Word for word, transcribe every line from the one holding "View of the" through the end of the records, but not the pictures.
··· Source material
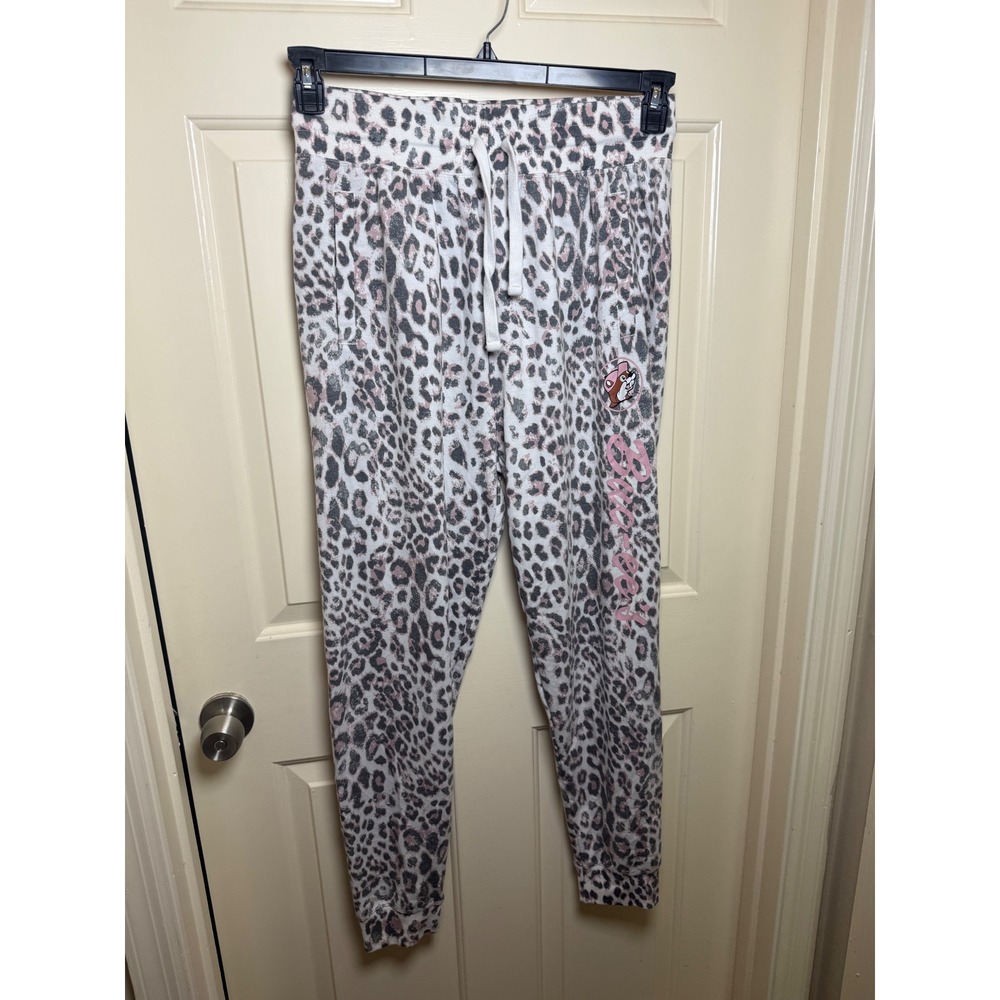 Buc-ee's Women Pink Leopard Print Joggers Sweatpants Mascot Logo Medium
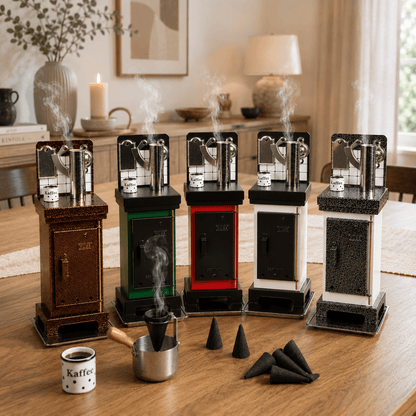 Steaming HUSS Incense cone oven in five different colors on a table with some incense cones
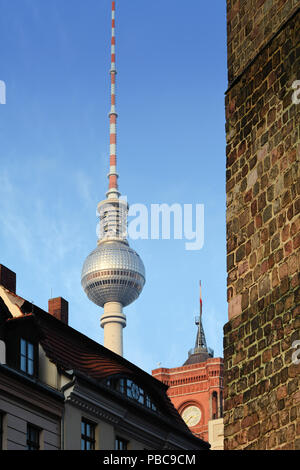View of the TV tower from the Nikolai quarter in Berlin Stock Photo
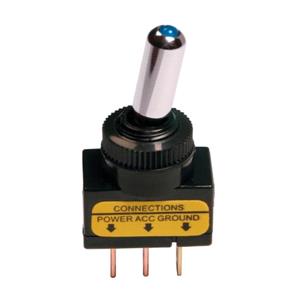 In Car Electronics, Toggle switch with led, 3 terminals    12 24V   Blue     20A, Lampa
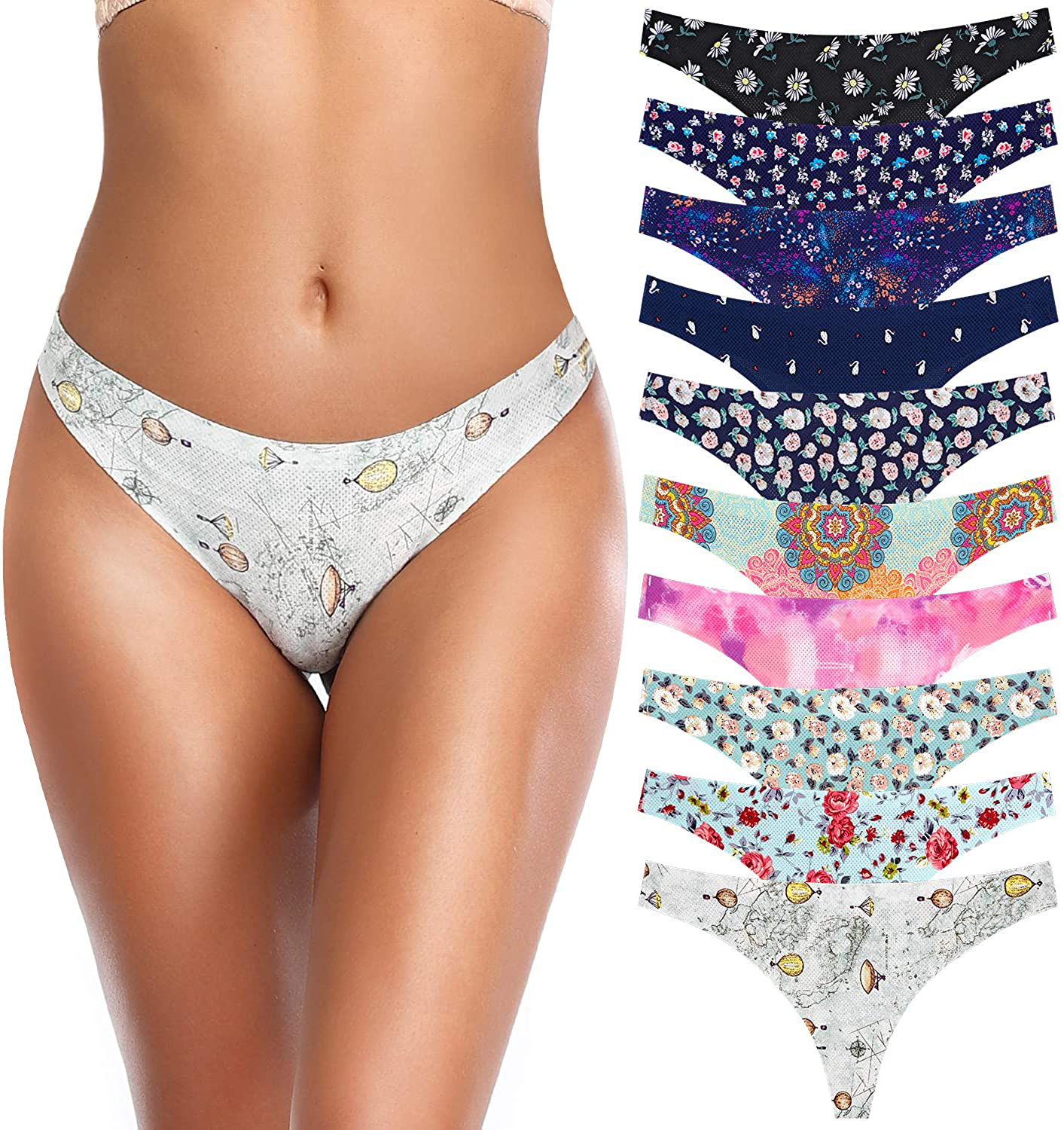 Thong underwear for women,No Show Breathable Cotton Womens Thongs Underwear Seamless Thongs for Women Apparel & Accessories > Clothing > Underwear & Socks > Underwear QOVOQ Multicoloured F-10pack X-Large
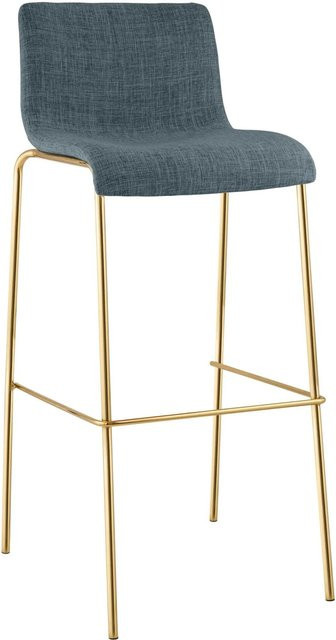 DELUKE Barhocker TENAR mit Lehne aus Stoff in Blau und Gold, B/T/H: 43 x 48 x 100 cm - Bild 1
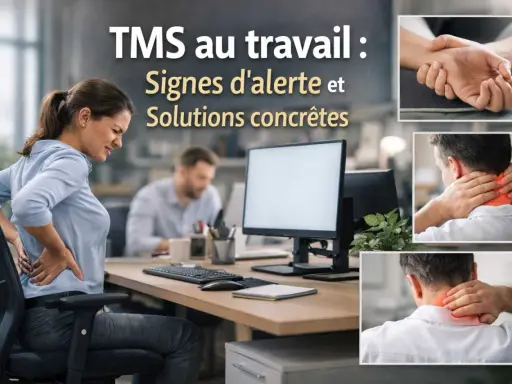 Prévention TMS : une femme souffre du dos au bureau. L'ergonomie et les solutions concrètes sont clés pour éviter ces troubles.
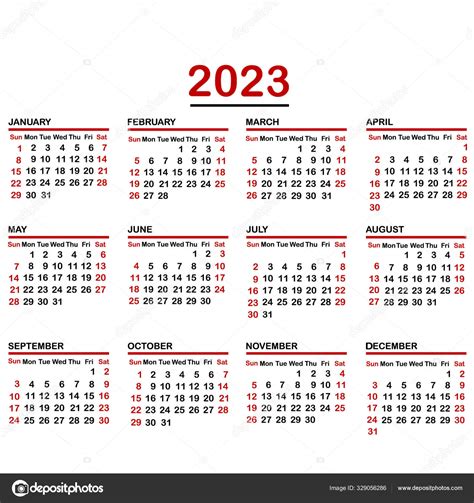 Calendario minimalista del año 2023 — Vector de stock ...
······
§ **Answer space**
View of the TV tower from the Nikolai quarter in Berlin Stock Photo
 In Car Electronics, Toggle switch with led, 3 terminals    12 24V   Blue     20A, Lampa
 Thong underwear for women,No Show Breathable Cotton Womens Thongs Underwear Seamless Thongs for Women Apparel & Accessories > Clothing > Underwear & Socks > Underwear QOVOQ Multicoloured F-10pack X-Large
 DELUKE Barhocker TENAR mit Lehne aus Stoff in Blau und Gold, B/T/H: 43 x 48 x 100 cm - Bild 1
 Prévention TMS : une femme souffre du dos au bureau. L'ergonomie et les solutions concrètes sont clés pour éviter ces troubles.
 Calendario minimalista del año 2023 — Vector de stock ...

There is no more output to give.